Ethan Lang
In part two of our series on the Analytics pane in Tableau, Ethan walks us through the model and custom sections. Learn how to enhance your data visualizations with analytics by simply dragging and dropping them onto the view!
Hey, everyone. This is Ethan Lang with Playfair+. And in today’s video, I’ll be covering part 2 of my series on the Analytics Pane. So in today’s video, I’ll be covering the Modeling section as well as the Custom section of the Analytics Pane. So let’s jump in, and we’ll start with modeling.
And in this section, I will hop back over and jump over to average line with 95% confidence. We hop into this sheet. And you can see here, I’ve already prebuilt that average line, and it draws a 95% confidence interval around the average line.
Now, just to demonstrate this, again, very similar to the average and median with quartiles from the Summarize section. If I drag the average with 95% confidence interval, we’re left with the same different aggregations. So I can aggregate it at the table level, pane, or cell.
Once I have the average line here, it’s going to draw that average line. Again, very similar to the Summarize section, we can see that average line drawn here. But it’s going to wrap it in a 95% confidence interval that shows me the upper and lower bounds. What this means is as the data comes in to the view, or as we start getting more data, that average line is going to fall in between that upper and lower bound 95% of the time.
If we had an outlier, for instance, that came into the data that bumped it out of that 95% confidence interval, which will happen occasionally– that’s why it’s a 95% confidence interval– it will fall outside of that bound. But that gives us a really good gauge on where this average line is going to fall moving forward as we start working or getting more data. Again, a great way to benchmark.

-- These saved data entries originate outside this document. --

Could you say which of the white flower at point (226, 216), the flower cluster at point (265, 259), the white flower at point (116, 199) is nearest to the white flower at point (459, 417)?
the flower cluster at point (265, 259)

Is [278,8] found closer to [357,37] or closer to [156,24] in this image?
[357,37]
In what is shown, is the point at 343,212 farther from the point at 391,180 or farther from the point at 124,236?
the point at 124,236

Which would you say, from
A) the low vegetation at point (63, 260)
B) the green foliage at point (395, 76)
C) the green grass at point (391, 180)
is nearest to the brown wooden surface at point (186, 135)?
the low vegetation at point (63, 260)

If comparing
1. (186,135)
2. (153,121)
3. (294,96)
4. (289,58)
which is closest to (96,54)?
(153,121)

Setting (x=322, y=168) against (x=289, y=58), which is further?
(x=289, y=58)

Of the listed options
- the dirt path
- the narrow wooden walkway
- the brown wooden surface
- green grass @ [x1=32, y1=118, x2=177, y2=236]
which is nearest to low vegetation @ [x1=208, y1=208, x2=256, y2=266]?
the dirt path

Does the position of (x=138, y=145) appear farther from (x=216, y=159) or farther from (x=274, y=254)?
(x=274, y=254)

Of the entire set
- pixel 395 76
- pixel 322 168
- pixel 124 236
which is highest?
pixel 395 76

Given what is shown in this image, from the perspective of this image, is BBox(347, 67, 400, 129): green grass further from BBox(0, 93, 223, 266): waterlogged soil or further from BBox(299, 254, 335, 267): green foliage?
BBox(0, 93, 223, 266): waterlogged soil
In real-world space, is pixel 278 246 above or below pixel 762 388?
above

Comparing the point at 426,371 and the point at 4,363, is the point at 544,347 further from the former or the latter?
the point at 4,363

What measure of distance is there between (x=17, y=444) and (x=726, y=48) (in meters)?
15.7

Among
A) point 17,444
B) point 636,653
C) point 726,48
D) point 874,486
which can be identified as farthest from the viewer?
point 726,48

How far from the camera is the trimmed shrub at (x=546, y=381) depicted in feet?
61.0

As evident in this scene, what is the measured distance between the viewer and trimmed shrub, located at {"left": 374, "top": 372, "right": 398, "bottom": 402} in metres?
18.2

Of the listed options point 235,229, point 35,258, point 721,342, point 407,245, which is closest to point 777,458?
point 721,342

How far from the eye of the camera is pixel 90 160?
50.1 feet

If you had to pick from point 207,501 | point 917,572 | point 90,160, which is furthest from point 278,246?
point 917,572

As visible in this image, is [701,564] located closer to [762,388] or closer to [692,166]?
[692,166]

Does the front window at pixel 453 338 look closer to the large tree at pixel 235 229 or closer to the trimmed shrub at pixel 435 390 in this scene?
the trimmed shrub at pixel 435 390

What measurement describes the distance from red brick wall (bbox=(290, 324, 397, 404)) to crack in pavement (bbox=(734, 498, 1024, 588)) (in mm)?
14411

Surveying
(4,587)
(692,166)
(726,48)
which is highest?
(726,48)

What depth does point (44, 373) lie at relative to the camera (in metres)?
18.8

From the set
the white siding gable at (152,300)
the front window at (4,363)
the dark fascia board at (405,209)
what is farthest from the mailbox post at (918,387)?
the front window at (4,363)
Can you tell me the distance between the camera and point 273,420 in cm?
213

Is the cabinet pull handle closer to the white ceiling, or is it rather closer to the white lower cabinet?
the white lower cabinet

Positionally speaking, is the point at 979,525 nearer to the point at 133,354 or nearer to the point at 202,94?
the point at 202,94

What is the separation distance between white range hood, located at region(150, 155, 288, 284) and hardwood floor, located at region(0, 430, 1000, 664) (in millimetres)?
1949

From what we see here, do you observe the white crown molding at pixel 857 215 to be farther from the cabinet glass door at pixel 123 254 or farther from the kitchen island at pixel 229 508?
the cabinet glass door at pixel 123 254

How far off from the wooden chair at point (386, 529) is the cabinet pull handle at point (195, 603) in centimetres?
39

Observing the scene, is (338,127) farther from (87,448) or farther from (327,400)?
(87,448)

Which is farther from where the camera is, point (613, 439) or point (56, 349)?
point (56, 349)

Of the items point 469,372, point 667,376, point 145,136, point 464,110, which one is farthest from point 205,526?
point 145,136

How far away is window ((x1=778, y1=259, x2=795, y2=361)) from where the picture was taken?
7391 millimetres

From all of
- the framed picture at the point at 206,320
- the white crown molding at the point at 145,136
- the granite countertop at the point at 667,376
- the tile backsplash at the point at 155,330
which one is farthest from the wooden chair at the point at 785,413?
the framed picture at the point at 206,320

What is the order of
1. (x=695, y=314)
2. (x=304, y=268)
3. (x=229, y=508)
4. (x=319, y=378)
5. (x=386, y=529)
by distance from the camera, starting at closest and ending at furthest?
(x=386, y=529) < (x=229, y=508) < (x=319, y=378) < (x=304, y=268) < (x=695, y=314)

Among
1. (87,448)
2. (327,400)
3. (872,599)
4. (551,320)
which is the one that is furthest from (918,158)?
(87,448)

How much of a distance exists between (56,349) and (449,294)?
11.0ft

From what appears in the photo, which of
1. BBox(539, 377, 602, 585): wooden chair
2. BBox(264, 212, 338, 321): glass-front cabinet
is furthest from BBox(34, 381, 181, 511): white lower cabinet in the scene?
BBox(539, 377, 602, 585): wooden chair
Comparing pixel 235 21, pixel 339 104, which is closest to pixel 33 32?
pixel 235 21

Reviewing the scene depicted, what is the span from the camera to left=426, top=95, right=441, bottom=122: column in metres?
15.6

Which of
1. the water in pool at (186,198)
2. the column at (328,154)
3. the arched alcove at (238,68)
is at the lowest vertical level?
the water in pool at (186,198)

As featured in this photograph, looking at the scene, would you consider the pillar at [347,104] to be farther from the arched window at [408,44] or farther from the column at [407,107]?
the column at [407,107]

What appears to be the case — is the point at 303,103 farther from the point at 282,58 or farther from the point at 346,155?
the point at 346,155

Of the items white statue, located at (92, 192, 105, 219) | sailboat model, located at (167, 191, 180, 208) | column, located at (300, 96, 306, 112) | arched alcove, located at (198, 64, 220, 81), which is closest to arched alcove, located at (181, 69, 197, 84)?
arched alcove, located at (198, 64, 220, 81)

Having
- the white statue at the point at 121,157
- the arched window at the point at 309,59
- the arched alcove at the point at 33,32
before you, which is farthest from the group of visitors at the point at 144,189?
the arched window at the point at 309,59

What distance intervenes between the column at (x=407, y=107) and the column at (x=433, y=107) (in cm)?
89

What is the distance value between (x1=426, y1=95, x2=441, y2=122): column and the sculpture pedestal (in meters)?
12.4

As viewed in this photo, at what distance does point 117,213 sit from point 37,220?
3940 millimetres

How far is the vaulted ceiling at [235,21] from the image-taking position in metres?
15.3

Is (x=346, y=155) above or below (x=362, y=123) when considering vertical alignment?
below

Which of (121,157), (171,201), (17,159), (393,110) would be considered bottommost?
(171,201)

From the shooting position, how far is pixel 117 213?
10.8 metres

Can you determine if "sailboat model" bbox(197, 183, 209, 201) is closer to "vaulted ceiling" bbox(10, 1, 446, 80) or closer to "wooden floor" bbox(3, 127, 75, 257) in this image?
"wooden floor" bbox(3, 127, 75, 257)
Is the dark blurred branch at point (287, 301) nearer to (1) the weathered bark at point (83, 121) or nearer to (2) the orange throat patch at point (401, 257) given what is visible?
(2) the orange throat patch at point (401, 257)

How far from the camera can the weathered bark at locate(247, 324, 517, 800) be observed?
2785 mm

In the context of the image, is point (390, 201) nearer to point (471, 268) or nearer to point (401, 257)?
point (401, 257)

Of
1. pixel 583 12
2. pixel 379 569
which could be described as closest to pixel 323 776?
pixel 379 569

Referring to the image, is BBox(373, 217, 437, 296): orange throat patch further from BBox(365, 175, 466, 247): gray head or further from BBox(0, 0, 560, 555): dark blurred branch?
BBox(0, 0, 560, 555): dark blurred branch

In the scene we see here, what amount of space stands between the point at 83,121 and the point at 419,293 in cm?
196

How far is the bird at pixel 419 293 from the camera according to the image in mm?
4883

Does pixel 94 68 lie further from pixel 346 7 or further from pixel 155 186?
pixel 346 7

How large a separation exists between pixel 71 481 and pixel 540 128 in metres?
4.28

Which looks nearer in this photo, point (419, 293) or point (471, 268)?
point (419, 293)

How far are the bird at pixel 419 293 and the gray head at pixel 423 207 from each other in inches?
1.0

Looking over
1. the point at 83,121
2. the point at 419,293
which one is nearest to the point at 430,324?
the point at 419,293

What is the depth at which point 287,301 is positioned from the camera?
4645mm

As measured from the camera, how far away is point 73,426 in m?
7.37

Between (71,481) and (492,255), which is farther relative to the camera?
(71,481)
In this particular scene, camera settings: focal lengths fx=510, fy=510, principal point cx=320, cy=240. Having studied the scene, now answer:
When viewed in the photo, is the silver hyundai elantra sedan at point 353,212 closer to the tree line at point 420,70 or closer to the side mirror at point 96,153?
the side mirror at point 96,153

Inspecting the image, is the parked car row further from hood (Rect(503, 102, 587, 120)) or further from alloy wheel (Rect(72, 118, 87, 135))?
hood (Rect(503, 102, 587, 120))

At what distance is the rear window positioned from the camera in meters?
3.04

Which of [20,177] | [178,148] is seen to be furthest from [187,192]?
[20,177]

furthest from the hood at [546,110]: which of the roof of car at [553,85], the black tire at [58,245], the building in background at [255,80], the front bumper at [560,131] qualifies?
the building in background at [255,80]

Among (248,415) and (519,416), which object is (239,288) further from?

Now, if I right-click on this and select Edit, I can see I’m presented with very similar options, but I also have some new ones here. So you can see, by default, this one selects line and confidence interval, which we covered previously when I was talking through the average line. However, I can also, now that that’s selected, I can change the confidence interval. So by default, it goes to 95% confidence interval, but I can change that to make it more confident by bumping it up 99%, 99.5%, 99.9%, or less confident– 90%, 80%, 50%.
And really, this is up to you and what you’re analyzing. If you want to be more confident within this data and the analysis, obviously bump it up a little bit. If you can be less confident, it’s just going to make the confidence interval a little bit wider. You can drop it down.
And that’s really just up to you. This 95% is primarily just an arbitrary number that statisticians have put out there. However, you can change it. It’s not set in stone. So they give you those options there.
Same as before, our Formatting section here, we have our line. We can do a fill above or below that line and all of those same options that we covered previously in the average line section. Now I’ll drag in median with 95 confidence, and I’ll drop that onto the table distribution here. And we’ll see it adds it in here, and it’s very similar to what we saw prior.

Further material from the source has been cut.